More evidence on physical activity and obesity

Tim Olds has written a nice article about the bogus controversy about whether burning off calories helps people lose weight.

People don’t seem to be exercising more or less than they used to. Studies show little historical change in leisure time physical activity. But there have been big declines in occupational physical activity as workplaces have become automated and the service economy replaces manufacturing and farming.

A study looking at work-related physical activity over five decades showed declines of about 500 kilojoules a day in energy expended on the job by US workers. Another spanning 45 years suggests the time women spent on domestic chores required about 1,000 kilojoules less each day in 2010 than they did in 1965.

Declines in energy expenditure of this magnitude are more than enough to account for historical increases in fatness.

He even dares to tell the truth about calorie consumption...

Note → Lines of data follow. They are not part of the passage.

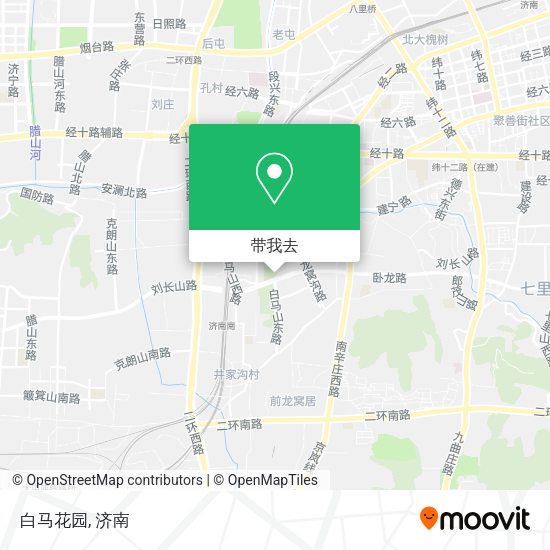 白马花园地图
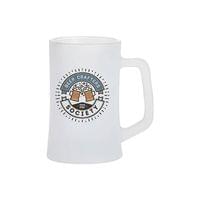 BESTSUB Халба за бира, стъклена, матова, 360 ml - 3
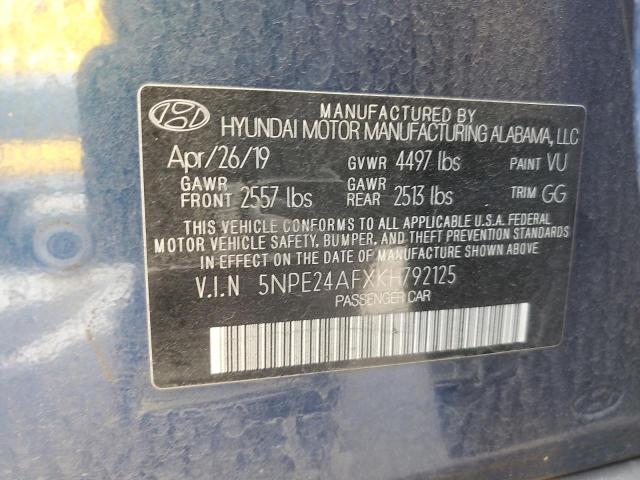2019 HYUNDAI SONATA SE - 5NPE24AFXKH792125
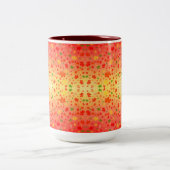 Autumn Kaleidoskop Zweifarbige Tasse (Mittel)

In 2008, one of my graduate students, Jo Stevenson, systematically reviewed studies reporting the energy intake of children. She found 2,148 reports dating back to 1856, covering 425,905 mainly European, North American and Australian children.

There was a consistent decline in energy intake of school-aged kids from 1920 onwards, at the rate of about 2% to 3% per decade, flattening out in the late 1990s. By 2000, kids were eating about 20% less than they did in 1920. Even conservatively allowing for under-reporting by fatter kids and methodological differences, the decline was still of the order of 1% to 2% per decade. Unfortunately, this research wasn’t published so I can’t link it here.

The evidence that adults are eating more may also be very suspect. Data from the periodic National Health and Nutrition Examination Surveys (NHANES) in the United States are often used to indicate upward trends in energy intake. But Blair’s team has previously convincingly argued – in a peer-reviewed article published in a well-respected journal – that these trends are likely to be artefacts resulting from changes in research methodology, and that dietary data are inherently unreliable anyway.

So historically, the evidence is that it ain’t the meat it’s the motion.

It's not often that The Conversation publishes a sensible article so do read it.